Samson:
No Crimping necessary. This is what I do to work up a load from scratch:
1) Start by arbitrarily selecting a bullet that fills your general needs as Gorski has advised. Arbritrarily select the type of powder your would like to work up & arbitrarily select a primer & Case.
2) I start with at least 200 identical cases (manufacture, # of times fired, ect). I then size and trim them all to uniformity in an attempt to eliminate one variable.
4) I prime 100 of the cases with the same primer, thereby eliminating a second variable.
3) I then review published load data. You will find most all published data will provide you a minimum charge and maximum charge for your cartridge, bullet weight & primer. I start with a charge at approx 1/3 of the way between min & max. & charge 50 of your primed, sized cases with the same charge, thereby eliminating a third variable.
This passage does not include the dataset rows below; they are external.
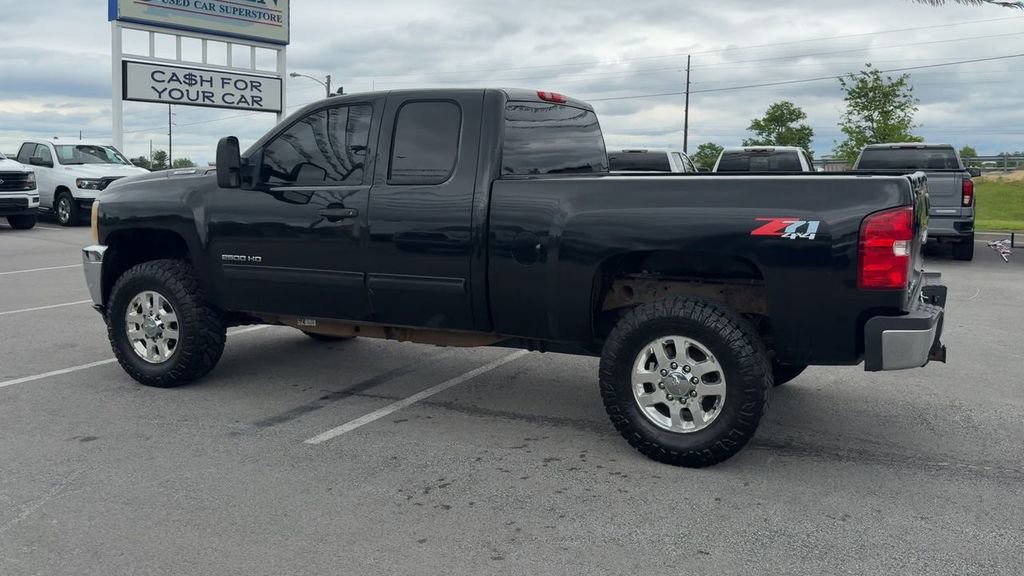 Used 2013 Chevrolet Silverado 2500 LT w/ Suspension Package, Off-Road AWD/4WD image 4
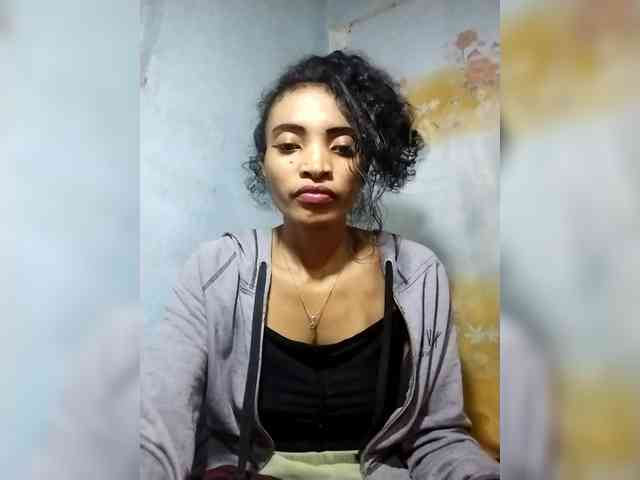 Shanya12 webcam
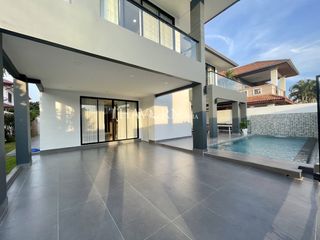 Haus zum Kauf mit 6 Zimmer in Bang Lamung, Chonburi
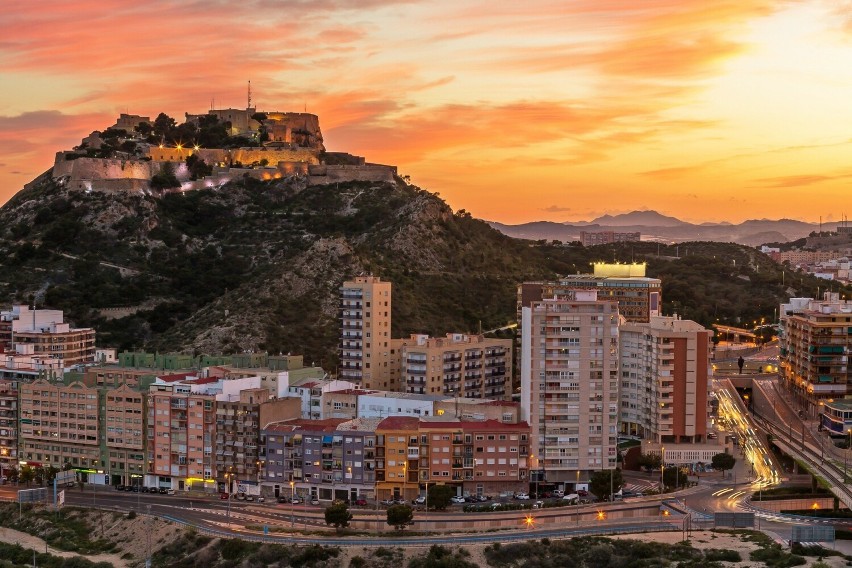 Słoneczne Alicante w Hiszpanii cieszy się rosnącym...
3) I then seat seven separate strings of five cartridges varying the overall cartridge length. Maximum length should be approx. 0.020" off lands. You might want to purchase a Stoney Point Gage to accurately know this dimension. (Keep in mind that sometimes a rifle will chamber a cartridge that is too long for your magazine. If so, you have a decision whether or not you like a single shot rifle or not?)I very the depth by shortening each string by a fixed amount such as 0.005" per string.
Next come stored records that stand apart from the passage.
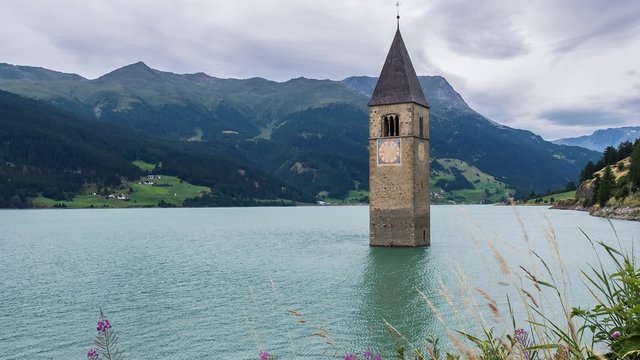 Kirchturm im Reschensee im Zeitraffer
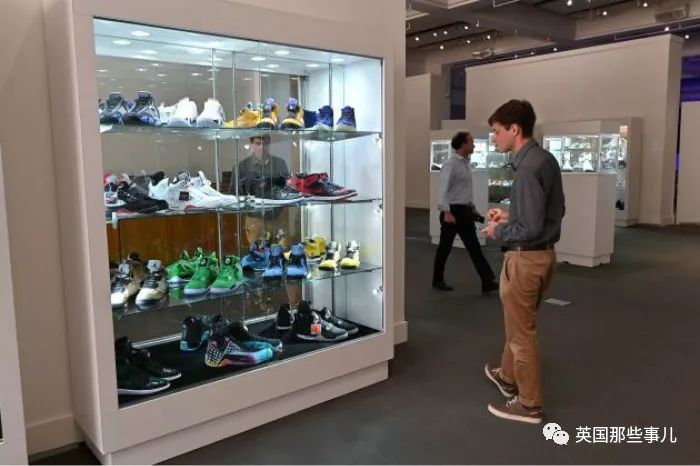Nike回到未来售价高，越穿越土豪(加拿大富豪狂砸580万买下99双稀有运动鞋…有钱，任性，怎么地？)
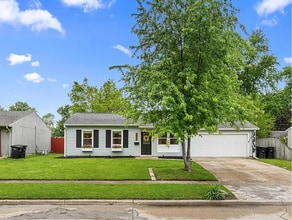 Building Photo - 3 Bedroom Single Family Home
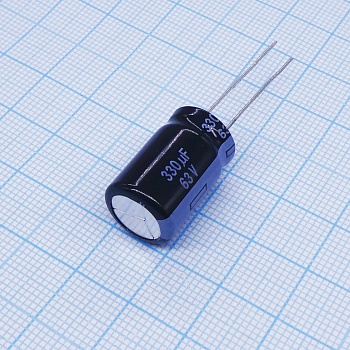 EEUFR1J331B - Конденсатор алюминиевый электролитический 330мкФ 63В  ±20% (12.5 х 20мм) радиальные выводы 5мм 1582мА 10000час 105°С лента в коробке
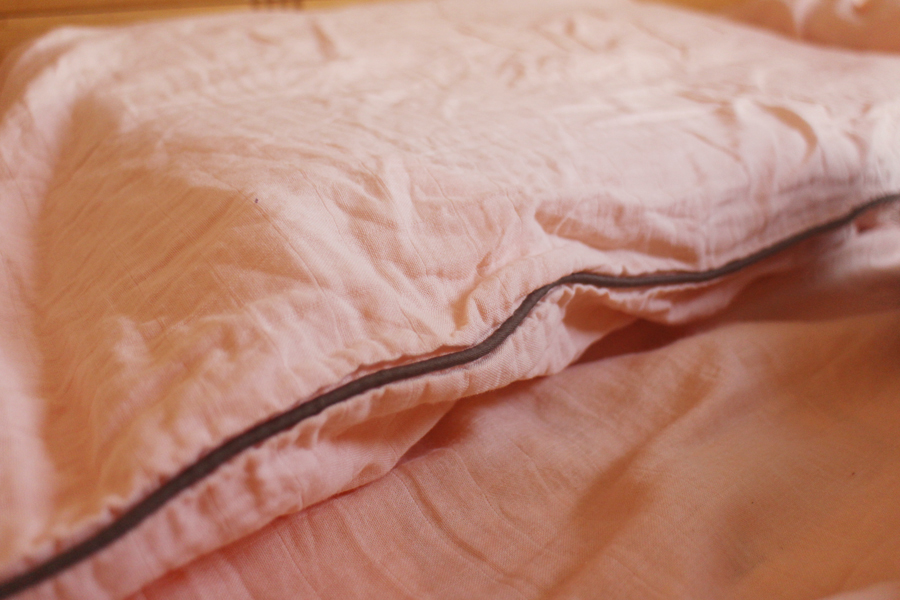 家有爱出汗的宝宝，造作双层纱织四件套透气+舒适，安睡整晚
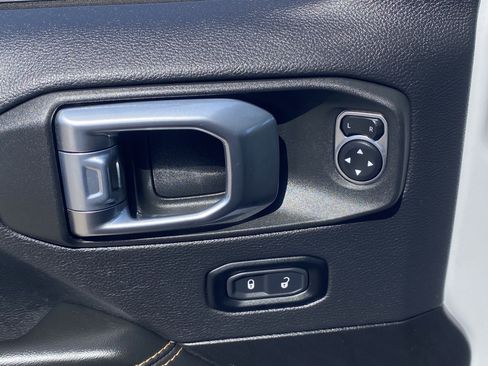 Certified 2025 Jeep Wrangler Unlimited Sahara AWD/4WD image 19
4) You then have 35 loaded cartridges. The remaining 15 cases I load as 'Foulers' and I am not concerned with uniformity of these foulers as they are not recorded at the range anyway.
5) Next I load up my goodies and head to the range. I shoot 3 foulers then the first string of 5, clean the gun, shoot 2 foulers and the second string of 5, ect.
6) I pick the OAL and with the best five shot grouping (optimal) then repeat the loading process verying charge, working my way up from minimum to maximum.
7) After I have found the optimal OAL & charge, I very the primer types.
8) I then make suttle changes to each to fine tune the load.
Obviousely the trick is to keep all but one variable constant in an effort to find the optimal. Its a long process, but it gives you plenty of chances to shoot which is ultimately the goal.